Rodney Yee defines discipline as being a disciple of something. His teacher, Ramanand Patel, says that the traditional idea of discipline is an imposition on the mind, arguing that it’s impossible to force the mind to do anything. “If you want proof, close your eyes and don’t think of a black cat!” Ramanand suggests that rather than trying to be disciplined, we should devote ourselves to something meaningful.
I appreciate Rodney and Ramanand’s perspectives because I have always struggled with discipline. This is a strange admission coming from someone who spent her entire young life in piano, dance, art, and singing lessons. Wouldn’t spending thousands of hours practicing be considered the epitome of discipline? Well, yes, but with one major distinction: not once in all of those years did my practice ever feel like an imposition. I was, as Rodney suggests, a disciple of my passion.

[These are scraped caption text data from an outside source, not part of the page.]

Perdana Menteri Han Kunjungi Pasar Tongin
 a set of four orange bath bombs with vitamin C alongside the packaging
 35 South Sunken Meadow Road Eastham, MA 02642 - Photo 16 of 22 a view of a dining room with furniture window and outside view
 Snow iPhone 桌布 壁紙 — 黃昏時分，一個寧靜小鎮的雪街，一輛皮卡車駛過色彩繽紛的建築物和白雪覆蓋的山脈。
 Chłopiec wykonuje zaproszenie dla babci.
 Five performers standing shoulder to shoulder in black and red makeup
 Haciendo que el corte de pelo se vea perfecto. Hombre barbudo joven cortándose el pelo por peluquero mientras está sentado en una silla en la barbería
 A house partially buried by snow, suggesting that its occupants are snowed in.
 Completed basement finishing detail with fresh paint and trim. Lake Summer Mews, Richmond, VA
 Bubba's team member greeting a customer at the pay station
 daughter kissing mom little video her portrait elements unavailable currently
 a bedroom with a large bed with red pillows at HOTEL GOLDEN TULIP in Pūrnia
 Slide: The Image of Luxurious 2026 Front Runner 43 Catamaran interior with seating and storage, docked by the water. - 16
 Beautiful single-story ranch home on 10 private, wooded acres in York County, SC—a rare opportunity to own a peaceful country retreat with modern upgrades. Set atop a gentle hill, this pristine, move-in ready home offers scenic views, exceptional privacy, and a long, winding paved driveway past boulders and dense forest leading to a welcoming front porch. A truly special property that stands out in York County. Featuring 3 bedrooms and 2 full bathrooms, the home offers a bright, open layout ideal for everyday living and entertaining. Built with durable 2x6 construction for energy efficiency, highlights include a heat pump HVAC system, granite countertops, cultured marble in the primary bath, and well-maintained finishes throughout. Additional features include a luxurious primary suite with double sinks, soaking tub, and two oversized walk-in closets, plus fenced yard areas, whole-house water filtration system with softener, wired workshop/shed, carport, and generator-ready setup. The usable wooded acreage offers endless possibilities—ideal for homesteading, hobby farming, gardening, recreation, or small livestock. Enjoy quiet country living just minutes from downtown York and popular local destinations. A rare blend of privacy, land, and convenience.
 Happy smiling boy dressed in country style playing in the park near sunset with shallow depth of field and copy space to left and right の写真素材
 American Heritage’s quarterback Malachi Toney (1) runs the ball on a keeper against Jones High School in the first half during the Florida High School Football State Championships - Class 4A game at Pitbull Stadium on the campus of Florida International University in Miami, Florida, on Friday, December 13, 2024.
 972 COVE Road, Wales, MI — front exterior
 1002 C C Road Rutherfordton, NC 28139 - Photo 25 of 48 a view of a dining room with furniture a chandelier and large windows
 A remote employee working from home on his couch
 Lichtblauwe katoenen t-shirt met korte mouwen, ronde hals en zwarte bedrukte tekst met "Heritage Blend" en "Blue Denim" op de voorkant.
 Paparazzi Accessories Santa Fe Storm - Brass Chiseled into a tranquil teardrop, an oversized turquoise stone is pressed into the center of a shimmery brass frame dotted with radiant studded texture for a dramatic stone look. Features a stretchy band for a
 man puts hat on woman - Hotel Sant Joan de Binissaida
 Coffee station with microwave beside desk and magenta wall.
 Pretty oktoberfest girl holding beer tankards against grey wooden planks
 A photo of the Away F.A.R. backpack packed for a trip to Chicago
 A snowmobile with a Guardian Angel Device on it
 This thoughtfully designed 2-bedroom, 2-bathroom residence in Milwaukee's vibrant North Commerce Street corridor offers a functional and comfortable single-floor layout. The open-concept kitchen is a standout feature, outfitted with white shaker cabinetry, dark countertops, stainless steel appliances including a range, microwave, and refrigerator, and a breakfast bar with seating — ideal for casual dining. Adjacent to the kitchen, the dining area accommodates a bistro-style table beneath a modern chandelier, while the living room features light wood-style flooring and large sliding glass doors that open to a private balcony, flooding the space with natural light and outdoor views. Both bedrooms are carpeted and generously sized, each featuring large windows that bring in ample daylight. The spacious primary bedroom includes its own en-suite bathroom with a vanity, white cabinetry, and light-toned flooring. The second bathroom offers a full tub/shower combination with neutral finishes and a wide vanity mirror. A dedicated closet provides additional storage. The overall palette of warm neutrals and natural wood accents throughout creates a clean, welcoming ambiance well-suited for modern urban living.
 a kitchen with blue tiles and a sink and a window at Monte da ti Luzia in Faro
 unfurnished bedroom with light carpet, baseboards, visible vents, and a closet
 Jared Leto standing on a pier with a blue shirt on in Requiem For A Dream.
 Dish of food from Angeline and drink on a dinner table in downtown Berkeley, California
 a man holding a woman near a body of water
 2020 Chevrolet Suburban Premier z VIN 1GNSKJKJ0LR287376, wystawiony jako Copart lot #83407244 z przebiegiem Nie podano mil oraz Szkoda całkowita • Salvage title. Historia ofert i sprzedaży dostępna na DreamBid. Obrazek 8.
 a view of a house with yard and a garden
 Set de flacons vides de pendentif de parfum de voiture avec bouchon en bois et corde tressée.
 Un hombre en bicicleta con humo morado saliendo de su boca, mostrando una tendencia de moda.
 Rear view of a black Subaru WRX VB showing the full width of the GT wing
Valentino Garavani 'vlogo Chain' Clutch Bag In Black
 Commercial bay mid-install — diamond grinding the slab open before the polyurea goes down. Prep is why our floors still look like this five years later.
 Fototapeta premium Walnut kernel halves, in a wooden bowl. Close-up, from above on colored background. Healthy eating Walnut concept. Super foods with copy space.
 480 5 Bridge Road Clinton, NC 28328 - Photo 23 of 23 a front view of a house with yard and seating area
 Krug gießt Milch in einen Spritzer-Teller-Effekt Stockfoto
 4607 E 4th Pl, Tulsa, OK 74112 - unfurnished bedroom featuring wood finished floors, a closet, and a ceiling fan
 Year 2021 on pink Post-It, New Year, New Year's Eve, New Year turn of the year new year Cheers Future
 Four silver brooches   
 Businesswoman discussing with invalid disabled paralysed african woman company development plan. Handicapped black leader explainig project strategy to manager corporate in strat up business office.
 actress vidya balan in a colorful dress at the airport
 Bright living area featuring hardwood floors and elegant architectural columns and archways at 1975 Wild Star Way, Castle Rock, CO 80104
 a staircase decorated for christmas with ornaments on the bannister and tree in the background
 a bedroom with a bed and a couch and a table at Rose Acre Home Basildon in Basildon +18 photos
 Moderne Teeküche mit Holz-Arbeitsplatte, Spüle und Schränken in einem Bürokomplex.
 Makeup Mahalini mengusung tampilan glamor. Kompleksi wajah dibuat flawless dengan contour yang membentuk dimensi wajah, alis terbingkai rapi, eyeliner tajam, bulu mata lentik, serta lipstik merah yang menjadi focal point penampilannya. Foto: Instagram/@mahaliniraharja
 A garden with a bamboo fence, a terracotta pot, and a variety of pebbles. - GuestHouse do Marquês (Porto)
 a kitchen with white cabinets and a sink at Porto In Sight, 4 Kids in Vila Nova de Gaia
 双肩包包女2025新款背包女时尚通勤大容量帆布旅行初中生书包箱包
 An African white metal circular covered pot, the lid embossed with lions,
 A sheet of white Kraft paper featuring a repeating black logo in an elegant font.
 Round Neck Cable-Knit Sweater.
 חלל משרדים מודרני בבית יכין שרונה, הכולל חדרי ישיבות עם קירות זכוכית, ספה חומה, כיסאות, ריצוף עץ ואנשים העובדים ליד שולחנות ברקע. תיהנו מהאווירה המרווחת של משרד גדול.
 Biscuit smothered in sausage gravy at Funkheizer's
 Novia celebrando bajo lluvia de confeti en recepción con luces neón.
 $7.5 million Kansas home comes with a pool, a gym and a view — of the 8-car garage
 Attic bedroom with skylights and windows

I have struggled with discipline because in my mind it has always implied obligation — I should be more disciplined about my diet, I should be foam rolling my IT band everyday, I should do more cardio, I should start composting, I should wake up early and write every morning . . . I could go on and on. Let me be clear: It’s not that I don’t care about my IT band or my heart health, because I do. I try my best, it’s just that the idea of discipline feels conditional, like I am somehow incomplete or not good enough if I can’t make it happen.
My relationship to discipline shifted when I started to see it less as an imposition and more as a devotional practice. Bhakti, or devotion, is unconditional discipline. My life became more meaningful when I stopped asking myself, ‘How can I cultivate more discipline?’ and started asking, ‘What is important to me?’ When we focus on what’s important, there is less resistance and our energy flows freely to that which we love.
Use the last of these spacious summer days to take stock. What’s most important to you? Where do you spend your energy? Do your answers add up? Redirect your attention and become a disciple of what you most love. It was always lead you h(om)e.